* **Try it**
Once the line with "Appartement - 204 m² - 5 pièces" is found in the entries below, print it and each following line exactly, stopping after the line with "Tiny photo for"; print nothing else.

* **Listed entries**
-- Opening Marker --
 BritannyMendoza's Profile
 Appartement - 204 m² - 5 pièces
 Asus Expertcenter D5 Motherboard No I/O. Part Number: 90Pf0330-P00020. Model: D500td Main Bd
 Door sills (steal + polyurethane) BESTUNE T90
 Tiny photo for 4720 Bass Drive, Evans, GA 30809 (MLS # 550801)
-- Closing Marker --
-- Opening Marker --
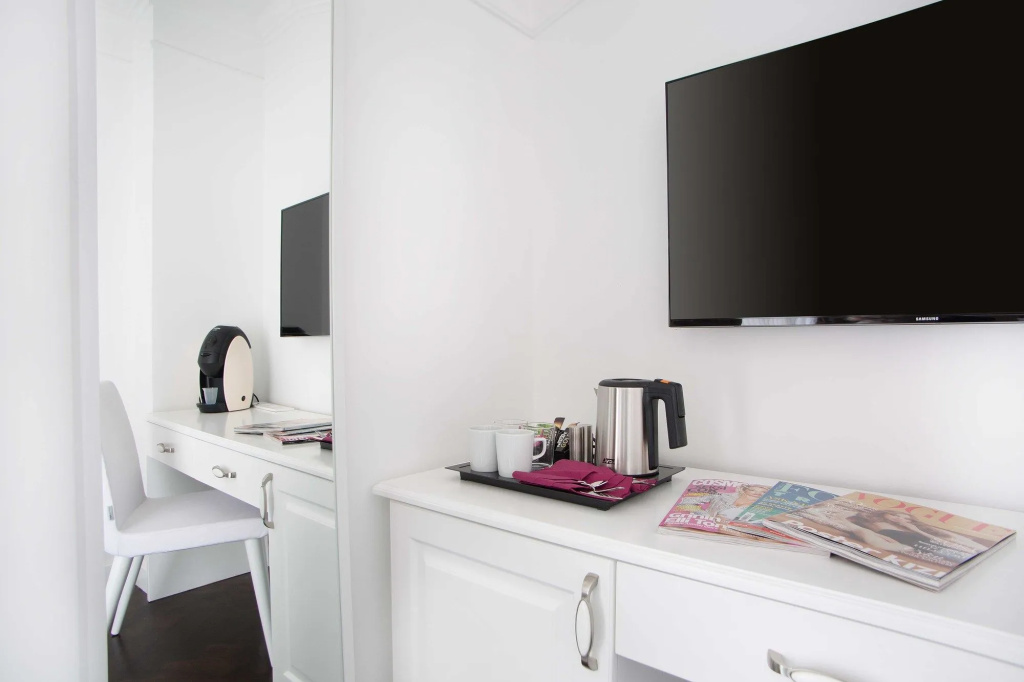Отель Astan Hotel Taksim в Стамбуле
-- Closing Marker --
* **Solution to the problem**
 Appartement - 204 m² - 5 pièces
 Asus Expertcenter D5 Motherboard No I/O. Part Number: 90Pf0330-P00020. Model: D500td Main Bd
 Door sills (steal + polyurethane) BESTUNE T90
 Tiny photo for 4720 Bass Drive, Evans, GA 30809 (MLS # 550801)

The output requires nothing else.